To make our amazing service Tubi work, a lot of cloud is needed. We aim to make the plumber’s job easier by recommending the best layout for where the pipes should go, and for that, we need AI. We have trained a model in Custom Vision to recognize all components in a bathroom that need water. So, when the plumber uploads a floor plan to our Static Web App, the image is sent to our Azure Function App backend in C# Asp.net through our own API. But both the image and the equipment list must be stored somewhere. Therefore, we have also connected to Azure Blob Storage. Then last but not at all least. The people working in the back office have instant interactive reports available to help them with filing and billing through Power BI and alerting the using an automated flow (Badges: Feature Bombing)

Sometimes it works, and that’s plenty

Databases are good, but sometimes it’s easier to just dump everything in one place until you need it again. Yes, it might not be very scalable or very normalized. SQL became too heavy, and we already needed a Blob storage to store the images, so we also dump the order data in the same blob storage as JSON files. It’s old fashioned way of serverstorage, and a bit dirty, but it works! (Badges: Nasty hacker, Retro badge)

Power the backoffice

As the final list of components are decided, they still have to be approved from the accounting team in the office.
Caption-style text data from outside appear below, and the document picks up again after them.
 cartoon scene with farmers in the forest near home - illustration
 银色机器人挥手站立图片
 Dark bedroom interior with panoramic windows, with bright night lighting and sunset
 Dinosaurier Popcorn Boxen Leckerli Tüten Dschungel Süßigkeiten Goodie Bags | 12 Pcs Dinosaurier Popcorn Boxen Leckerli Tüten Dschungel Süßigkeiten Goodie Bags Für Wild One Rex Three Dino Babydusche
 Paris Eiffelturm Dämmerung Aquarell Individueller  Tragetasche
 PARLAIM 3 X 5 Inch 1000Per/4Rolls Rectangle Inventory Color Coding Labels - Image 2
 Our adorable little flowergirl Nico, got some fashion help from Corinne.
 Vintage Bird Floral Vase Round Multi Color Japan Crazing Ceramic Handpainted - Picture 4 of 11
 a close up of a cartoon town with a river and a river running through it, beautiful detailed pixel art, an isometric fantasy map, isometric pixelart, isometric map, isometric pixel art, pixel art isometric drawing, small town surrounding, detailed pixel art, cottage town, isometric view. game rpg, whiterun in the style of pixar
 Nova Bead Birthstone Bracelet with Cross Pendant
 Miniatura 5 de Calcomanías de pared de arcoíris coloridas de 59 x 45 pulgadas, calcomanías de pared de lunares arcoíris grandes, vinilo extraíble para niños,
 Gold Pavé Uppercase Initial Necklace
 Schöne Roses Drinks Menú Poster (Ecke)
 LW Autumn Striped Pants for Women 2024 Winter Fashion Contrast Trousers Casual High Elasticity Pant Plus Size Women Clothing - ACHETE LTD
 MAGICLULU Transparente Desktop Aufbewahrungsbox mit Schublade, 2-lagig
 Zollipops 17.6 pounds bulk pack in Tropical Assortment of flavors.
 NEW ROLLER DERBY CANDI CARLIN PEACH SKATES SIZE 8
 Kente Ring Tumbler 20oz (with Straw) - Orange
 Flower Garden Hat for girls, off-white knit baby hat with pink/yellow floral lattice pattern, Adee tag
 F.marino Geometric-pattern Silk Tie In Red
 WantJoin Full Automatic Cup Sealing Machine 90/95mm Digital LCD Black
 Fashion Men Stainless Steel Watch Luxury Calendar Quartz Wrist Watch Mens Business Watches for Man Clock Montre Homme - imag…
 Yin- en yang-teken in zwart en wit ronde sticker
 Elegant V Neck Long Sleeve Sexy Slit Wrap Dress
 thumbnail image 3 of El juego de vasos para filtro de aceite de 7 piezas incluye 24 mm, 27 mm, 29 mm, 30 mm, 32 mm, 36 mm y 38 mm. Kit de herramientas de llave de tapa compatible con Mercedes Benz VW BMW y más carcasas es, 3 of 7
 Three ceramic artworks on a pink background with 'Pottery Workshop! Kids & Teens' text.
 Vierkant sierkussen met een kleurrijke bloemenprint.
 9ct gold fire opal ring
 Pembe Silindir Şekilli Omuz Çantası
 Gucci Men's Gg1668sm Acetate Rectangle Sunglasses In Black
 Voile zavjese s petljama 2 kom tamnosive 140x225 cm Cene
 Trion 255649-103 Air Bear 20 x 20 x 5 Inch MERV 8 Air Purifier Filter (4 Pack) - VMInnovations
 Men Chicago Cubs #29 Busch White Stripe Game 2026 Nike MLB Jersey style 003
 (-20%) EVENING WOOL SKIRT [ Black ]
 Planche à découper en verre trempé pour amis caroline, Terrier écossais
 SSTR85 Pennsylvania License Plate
To make sure they have all the information they require, we have developed a Power BI dashboard to crawl through our registered data and make sure the orders are handled properly (Badges: Crawler, Dash it Out, Dataminer). And to make sure the orders are handled easy and fast, the dashboard is embedded into teams and an alert is automated by using a logic app to make sure the workers can receive and cooperate in realtime (Badges: Embedding Numbnuts, Go with the flow, Pug N’ Play, Power user love, Right Now, Stairway to heaven).